5 TIPS TO INVESTING IN ANY OUT OF STATE MARKET
By Guest Contributor Mathew Owens, CPA
People ask me constantly how you should chose a market to invest in and what factors do you consider before investing. Real estate is very much market specific and it is very important to analyze the market you are interested investing in for a variety of factors. Investing strategically in specific markets across the country is a great strategy to create a cash flow stream to cover all of your expenses during retirement.
Here are 5 tips to investing in any out of state market:
- Start with analyzing the market. When researching any out of state market understanding the growth expectations, affordability of the market, and economic volatility or stability can be very important. Where are you in the cycle? What does the housing price index in the market tell you? What areas of the market do you want to focus on for the highest cash flow and asset quality? What about expected job growth? Review these items and gain a good understanding of the market before investing.

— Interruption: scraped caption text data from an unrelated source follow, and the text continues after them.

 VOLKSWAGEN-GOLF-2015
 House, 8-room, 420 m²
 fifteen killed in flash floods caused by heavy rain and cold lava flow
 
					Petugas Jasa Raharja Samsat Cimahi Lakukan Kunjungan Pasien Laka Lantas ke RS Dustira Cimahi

- Build your team. When investing in an out of state market your team is extremely important. The primary team members are property managers, contractors, attorney’s, CPA’s, Real Estate Agents, Inspectors, Insurance agents and affiliate relationships. Each team member should be vetted in detail with multiple interview questions setup. Always have backup team members in place as well.

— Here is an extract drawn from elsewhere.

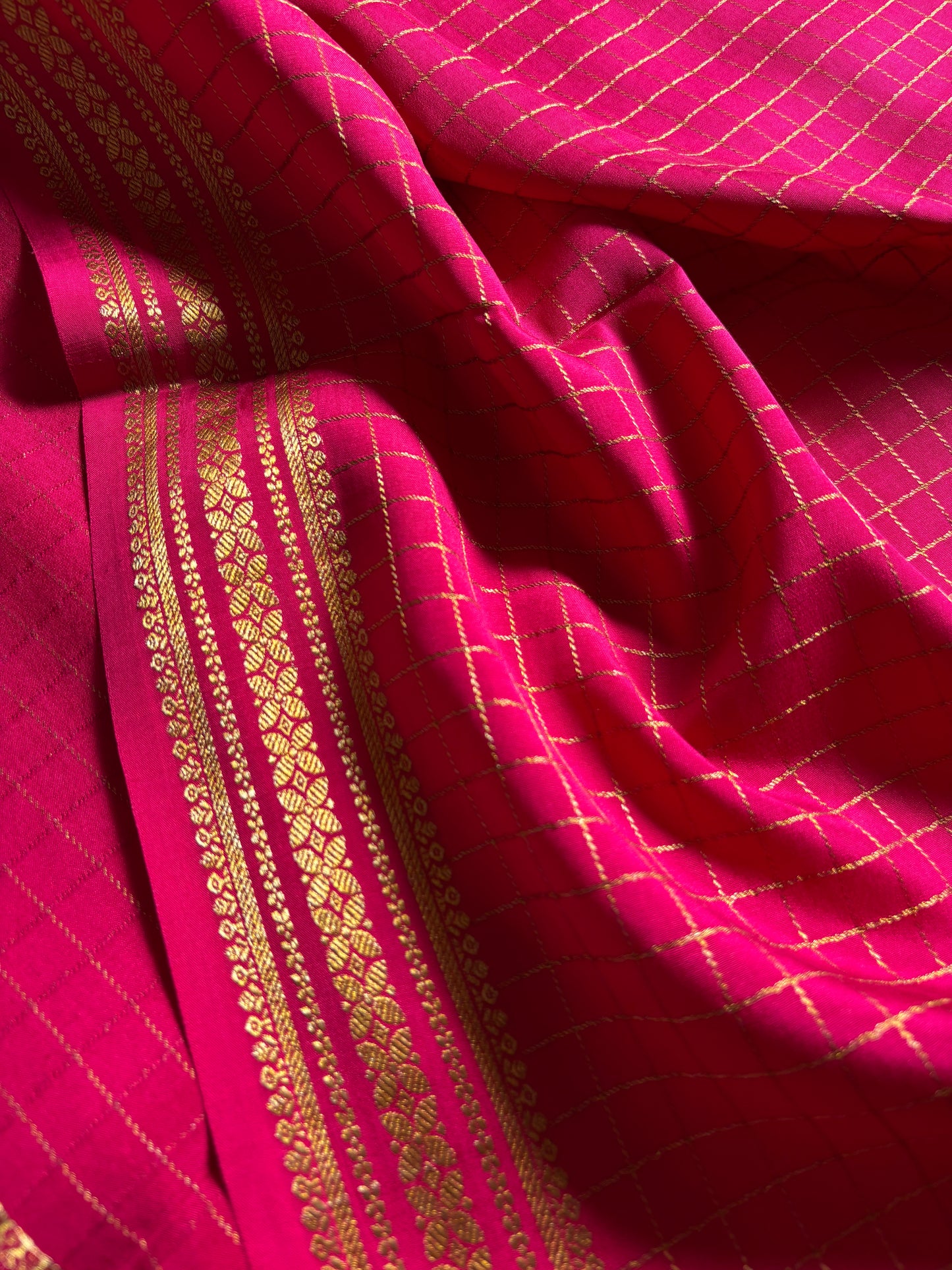 Madhura : Solid Rani pink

- Do a complete neighborhood analysis. Be sure you really know your neighborhoods. Many investors make the mistake of investing in the wrong areas with the wrong tenant base. You can make some properties in lower end neighborhoods work if you have the right management company but for me it’s typically not worth the headache. Usually you get lower financially educated individuals renting from you that are judgment proof and there is a significantly increased risk of not paying or missing rent payments, tenant turnover, tenant repairs, vandalism and theft that occur on these types of properties. Understanding what the crime rates are in the areas as well as making sure you do not invest in a rural area which makes your property harder to rent are important factors also.
- Review the state laws. In every state the laws are different and it’s imperative to have a good general practice attorney, eviction attorney, real estate attorney and CPA in each market that you invest. The tenant landlord laws are extremely important when owning rental properties in any prospective market. Are the tenant landlord laws more favorable for tenants or landlords in your prospective state? How long does it take to evict a tenant if needed and how easy is it to go after them for repairs?
- Do a full renovation and property analysis. Before investing in any investment do a full preventative maintenance check and renovation bid on the property. Review all of the major systems in a property from the roof, HVAC, Furnace, plumbing, electrical, appliances, water heater, foundation and sub-floor, pool and equipment, and more. Get a full inspection report on the property from an outside licensed inspector. One of the biggest hindrances to cash flow is maintenance when things break down unexpectedly. Knowing your total all in cost on a project along with how much the investment produces after all expenses (property management costs, property taxes, insurance, repairs, vacancies, etc.) is key in determining your return on investment and future cash flow.
These are just some of the factors we considered before investing in any market. No matter what market you are investing in, do your due diligence on the market before investing. It could be the difference between having a long term positive cash flowing investment or an investment that cannot weather the storm.